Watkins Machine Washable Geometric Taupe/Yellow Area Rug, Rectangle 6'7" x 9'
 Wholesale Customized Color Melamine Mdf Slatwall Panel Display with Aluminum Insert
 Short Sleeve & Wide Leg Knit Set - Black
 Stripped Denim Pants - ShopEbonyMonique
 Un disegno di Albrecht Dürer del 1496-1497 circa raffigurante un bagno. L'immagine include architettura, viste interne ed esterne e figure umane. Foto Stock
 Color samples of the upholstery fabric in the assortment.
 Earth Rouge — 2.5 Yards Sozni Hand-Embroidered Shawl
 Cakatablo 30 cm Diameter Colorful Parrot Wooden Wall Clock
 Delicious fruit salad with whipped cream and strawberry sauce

◆ Exercise directions: Copy the data exactly as it was presented.

◆ Written reply:
Watkins Machine Washable Geometric Taupe/Yellow Area Rug, Rectangle 6'7" x 9'
 Wholesale Customized Color Melamine Mdf Slatwall Panel Display with Aluminum Insert
 Short Sleeve & Wide Leg Knit Set - Black
 Stripped Denim Pants - ShopEbonyMonique
 Un disegno di Albrecht Dürer del 1496-1497 circa raffigurante un bagno. L'immagine include architettura, viste interne ed esterne e figure umane. Foto Stock
 Color samples of the upholstery fabric in the assortment.
 Earth Rouge — 2.5 Yards Sozni Hand-Embroidered Shawl
 Cakatablo 30 cm Diameter Colorful Parrot Wooden Wall Clock
 Delicious fruit salad with whipped cream and strawberry sauce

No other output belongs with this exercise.